Question 69: Ptyalin is secreted by?

A. Gastric gland
B. Salivary gland (Correct Answer)
C. Duodenal gland
D. Pancreatic gland

Explanation: ***Salivary gland*** - **Ptyalin**, also known as **salivary amylase**, is an enzyme produced by the salivary glands. - Its primary role is to initiate the **digestion of carbohydrates** (starches) in the mouth. *Gastric gland* - Gastric glands primarily secrete **hydrochloric acid** and **pepsinogen**, involved in protein digestion. - They do not produce ptyalin or enzymes for carbohydrate digestion. *Duodenal gland* - Duodenal glands (Brunner's glands) secrete alkaline mucus to protect the duodenum from acidic chyme. - They are not involved in the production of carbohydrate-digesting enzymes like ptyalin. *Pancreatic gland* - The pancreas produces **pancreatic amylase**, which continues starch digestion in the small intestine. - While it secretes an amylase, it is distinct from salivary amylase (ptyalin) and released into the duodenum, not the mouth.

Question 70: What is the body's first physiological response to hypoglycemia?
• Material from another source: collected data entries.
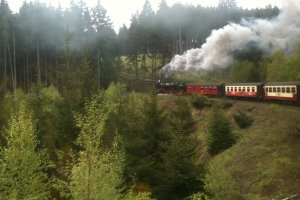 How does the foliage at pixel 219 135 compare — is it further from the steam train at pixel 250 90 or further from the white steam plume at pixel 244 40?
the white steam plume at pixel 244 40

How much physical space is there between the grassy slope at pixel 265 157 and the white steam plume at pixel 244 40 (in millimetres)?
27920

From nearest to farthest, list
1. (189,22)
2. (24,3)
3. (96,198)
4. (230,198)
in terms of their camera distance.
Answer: (96,198), (230,198), (24,3), (189,22)

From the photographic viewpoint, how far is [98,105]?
28203mm

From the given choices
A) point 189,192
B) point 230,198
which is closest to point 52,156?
point 189,192

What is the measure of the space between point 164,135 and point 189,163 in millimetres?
5037

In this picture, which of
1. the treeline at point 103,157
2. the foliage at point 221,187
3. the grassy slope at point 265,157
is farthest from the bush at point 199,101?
the foliage at point 221,187

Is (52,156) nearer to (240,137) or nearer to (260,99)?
(240,137)

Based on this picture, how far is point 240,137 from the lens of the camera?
32062 millimetres

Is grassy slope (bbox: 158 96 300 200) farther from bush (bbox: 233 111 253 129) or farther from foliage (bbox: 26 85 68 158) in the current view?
foliage (bbox: 26 85 68 158)

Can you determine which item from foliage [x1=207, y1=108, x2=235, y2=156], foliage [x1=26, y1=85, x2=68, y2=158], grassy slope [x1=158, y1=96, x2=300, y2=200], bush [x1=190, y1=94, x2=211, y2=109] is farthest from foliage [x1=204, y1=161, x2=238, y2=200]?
bush [x1=190, y1=94, x2=211, y2=109]

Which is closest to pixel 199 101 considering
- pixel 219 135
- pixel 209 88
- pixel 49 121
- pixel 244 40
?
pixel 209 88

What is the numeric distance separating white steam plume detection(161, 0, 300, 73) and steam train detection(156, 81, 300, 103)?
A: 13.3 meters

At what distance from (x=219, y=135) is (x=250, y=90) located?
44.7 ft

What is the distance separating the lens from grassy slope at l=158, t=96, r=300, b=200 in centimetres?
2057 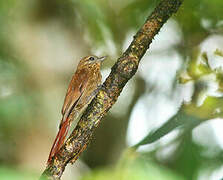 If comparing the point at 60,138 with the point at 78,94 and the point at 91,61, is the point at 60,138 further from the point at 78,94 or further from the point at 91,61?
the point at 91,61

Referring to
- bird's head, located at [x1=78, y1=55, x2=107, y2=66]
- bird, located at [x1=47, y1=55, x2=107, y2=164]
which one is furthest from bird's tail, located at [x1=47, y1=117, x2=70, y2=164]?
bird's head, located at [x1=78, y1=55, x2=107, y2=66]

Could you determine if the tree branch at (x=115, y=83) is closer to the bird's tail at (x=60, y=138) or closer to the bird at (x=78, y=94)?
the bird's tail at (x=60, y=138)

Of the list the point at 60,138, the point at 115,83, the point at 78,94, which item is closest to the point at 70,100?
the point at 78,94

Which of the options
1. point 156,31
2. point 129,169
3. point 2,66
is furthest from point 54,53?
point 129,169

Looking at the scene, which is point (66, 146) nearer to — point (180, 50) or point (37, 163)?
point (37, 163)

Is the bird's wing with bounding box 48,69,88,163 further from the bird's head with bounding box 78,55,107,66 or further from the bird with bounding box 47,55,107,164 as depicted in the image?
the bird's head with bounding box 78,55,107,66

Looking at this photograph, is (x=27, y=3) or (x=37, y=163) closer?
(x=37, y=163)

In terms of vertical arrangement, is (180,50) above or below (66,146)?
above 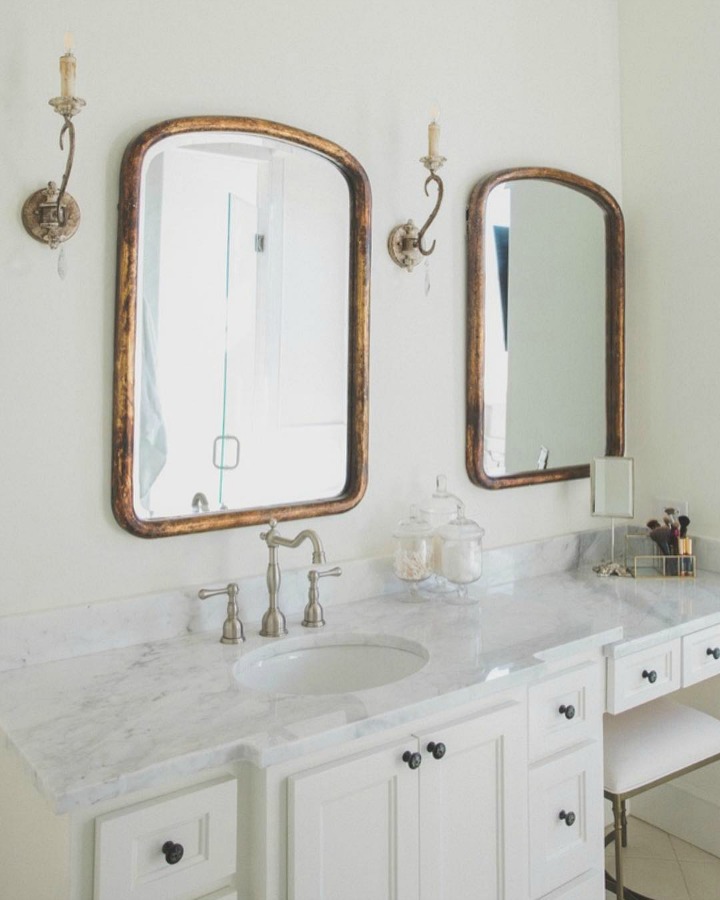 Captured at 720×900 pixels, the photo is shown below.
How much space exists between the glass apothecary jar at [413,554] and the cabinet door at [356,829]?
606 mm

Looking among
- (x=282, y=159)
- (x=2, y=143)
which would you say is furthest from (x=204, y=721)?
(x=282, y=159)

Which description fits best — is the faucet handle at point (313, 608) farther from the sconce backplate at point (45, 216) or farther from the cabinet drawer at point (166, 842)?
the sconce backplate at point (45, 216)

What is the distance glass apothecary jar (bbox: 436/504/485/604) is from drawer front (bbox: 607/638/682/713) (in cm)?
38

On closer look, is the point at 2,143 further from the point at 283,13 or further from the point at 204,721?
the point at 204,721

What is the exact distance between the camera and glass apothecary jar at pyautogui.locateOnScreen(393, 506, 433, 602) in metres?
1.92

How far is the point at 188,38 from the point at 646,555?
183cm

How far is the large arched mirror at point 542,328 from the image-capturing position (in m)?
2.17

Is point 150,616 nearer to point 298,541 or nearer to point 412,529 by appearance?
point 298,541

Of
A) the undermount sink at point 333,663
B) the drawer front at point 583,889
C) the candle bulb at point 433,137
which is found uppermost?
the candle bulb at point 433,137

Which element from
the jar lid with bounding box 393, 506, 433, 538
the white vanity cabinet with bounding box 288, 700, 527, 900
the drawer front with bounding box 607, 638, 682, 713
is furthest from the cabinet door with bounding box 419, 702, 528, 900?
the jar lid with bounding box 393, 506, 433, 538

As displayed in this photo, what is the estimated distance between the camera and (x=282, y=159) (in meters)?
1.82

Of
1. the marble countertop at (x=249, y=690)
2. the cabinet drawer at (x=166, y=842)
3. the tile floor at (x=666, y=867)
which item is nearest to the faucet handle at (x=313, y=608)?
the marble countertop at (x=249, y=690)

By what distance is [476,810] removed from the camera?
144cm

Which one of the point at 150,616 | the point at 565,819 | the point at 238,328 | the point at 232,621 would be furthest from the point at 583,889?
the point at 238,328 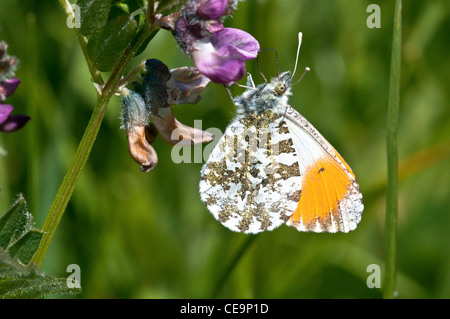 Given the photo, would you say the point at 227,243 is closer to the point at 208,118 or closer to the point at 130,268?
the point at 130,268

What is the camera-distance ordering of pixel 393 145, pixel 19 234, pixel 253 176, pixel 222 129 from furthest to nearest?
pixel 222 129
pixel 253 176
pixel 393 145
pixel 19 234

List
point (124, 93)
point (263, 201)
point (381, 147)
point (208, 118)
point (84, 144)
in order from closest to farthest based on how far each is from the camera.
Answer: point (84, 144) < point (124, 93) < point (263, 201) < point (208, 118) < point (381, 147)

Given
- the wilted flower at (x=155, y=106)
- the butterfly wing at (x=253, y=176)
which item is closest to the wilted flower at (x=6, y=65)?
the wilted flower at (x=155, y=106)

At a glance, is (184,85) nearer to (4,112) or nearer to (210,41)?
(210,41)

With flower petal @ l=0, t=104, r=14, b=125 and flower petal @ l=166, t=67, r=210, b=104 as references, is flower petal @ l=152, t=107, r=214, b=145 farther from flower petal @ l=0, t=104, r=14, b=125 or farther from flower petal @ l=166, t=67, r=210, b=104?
flower petal @ l=0, t=104, r=14, b=125

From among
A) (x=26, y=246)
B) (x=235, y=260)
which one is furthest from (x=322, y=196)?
(x=26, y=246)

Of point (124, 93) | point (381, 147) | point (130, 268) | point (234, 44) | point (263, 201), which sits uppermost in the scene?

A. Decreased insulin (Correct Answer)
B. Increased glucagon
C. Increased cortisol
D. Increased norepinephrine

Explanation: ***Decreased insulin*** - **Decreased insulin secretion** is the body's **first and earliest** physiological response to falling blood glucose levels, occurring at approximately **80-85 mg/dL**. - This represents the **primary defense mechanism** against hypoglycemia - by reducing insulin release from pancreatic beta cells, the body removes the most potent glucose-lowering stimulus. - This allows blood glucose to stabilize before it drops further, and occurs **before** any active counterregulatory hormones are released. - This is a critical **first-line defense** that prevents the need for more aggressive counterregulatory responses. *Increased glucagon* - **Glucagon** is the **second line of defense** against hypoglycemia, with secretion increasing at glucose levels around **65-70 mg/dL**. - While glucagon is the most important **active counterregulatory hormone** (stimulating glycogenolysis and gluconeogenesis), it is not the *first* response. - The temporal sequence is: insulin suppression occurs first, followed by glucagon release if glucose continues to fall. *Increased cortisol* - **Cortisol** is a late counterregulatory hormone, responding to more severe or prolonged hypoglycemia (glucose <65 mg/dL). - It promotes gluconeogenesis and reduces peripheral glucose utilization over hours, not minutes. - Along with growth hormone, cortisol provides sustained glucose elevation but is not an early response. *Increased norepinephrine* - **Norepinephrine** (and epinephrine) are part of the sympathetic/adrenomedullary response to hypoglycemia at approximately **65-70 mg/dL**. - These catecholamines provide important counterregulation but are activated after insulin suppression has already occurred. - They contribute to both glucose mobilization and the symptomatic (adrenergic) response to hypoglycemia.